Cette dimension humaine se double d’un enjeu réglementaire majeur. La conformité au RGPD, la préparation à l’entrée en vigueur progressive de l’IA Act européen, la sécurisation et la souveraineté des données figurent parmi les principales préoccupations des dirigeants interrogés. Le document met en garde contre le développement d’une « IA non encadrée », liée à l’usage d’outils grand public en dehors de tout cadre validé, avec des risques réels en matière de confidentialité, de désinformation et de responsabilité juridique. Pour y répondre, plusieurs collectivités mettent en place des registres de traitements IA, des instances de pilotage dédiées et des environnements de test sécurisés, à l’image des « sandbox IA » recommandées par la CNIL.

La question de l’éthique traverse l’ensemble du rapport. Transparence des décisions, explicabilité des algorithmes, supervision humaine systématique pour les usages sensibles : autant de conditions jugées indispensables pour maintenir la confiance, tant en interne que du côté des citoyens. Cette acceptabilité sociale apparaît d’autant plus cruciale que la confiance du public français dans l’IA demeure limitée, avec seulement un tiers des citoyens se déclarant prêts à lui faire confiance.

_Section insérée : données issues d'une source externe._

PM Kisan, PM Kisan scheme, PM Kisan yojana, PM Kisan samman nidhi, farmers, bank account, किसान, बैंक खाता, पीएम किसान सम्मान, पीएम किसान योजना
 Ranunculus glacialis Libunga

Autre angle désormais incontournable : l’impact environnemental. L’étude rappelle que la consommation électrique des datacenters, tirée par l’IA, pourrait plus que doubler d’ici 2030. Les collectivités sont donc invitées à intégrer l’IA dans leurs trajectoires climat, à mesurer son empreinte carbone et à privilégier des solutions sobres, en cohérence avec leurs Plans Climat-Air-Énergie Territoriaux.

Au fil des pages, le SNDGCT dessine une méthode progressive : commencer par un diagnostic des usages existants, acculturer les équipes, expérimenter à petite échelle, formaliser une gouvernance claire, puis déployer les solutions éprouvées. Le rôle des directions générales évolue en profondeur. Il ne s’agit plus seulement d’introduire un outil, mais de piloter une transformation transversale, interservices, qui engage la responsabilité publique et redéfinit les modes de travail. En creux, l’étude délivre un message politique au sens noble : l’intelligence artificielle ne sera ni une baguette magique ni une menace inéluctable pour le service public local. Elle deviendra ce que les collectivités décideront d’en faire. À condition de l’aborder avec méthode, lucidité et sens de l’intérêt général.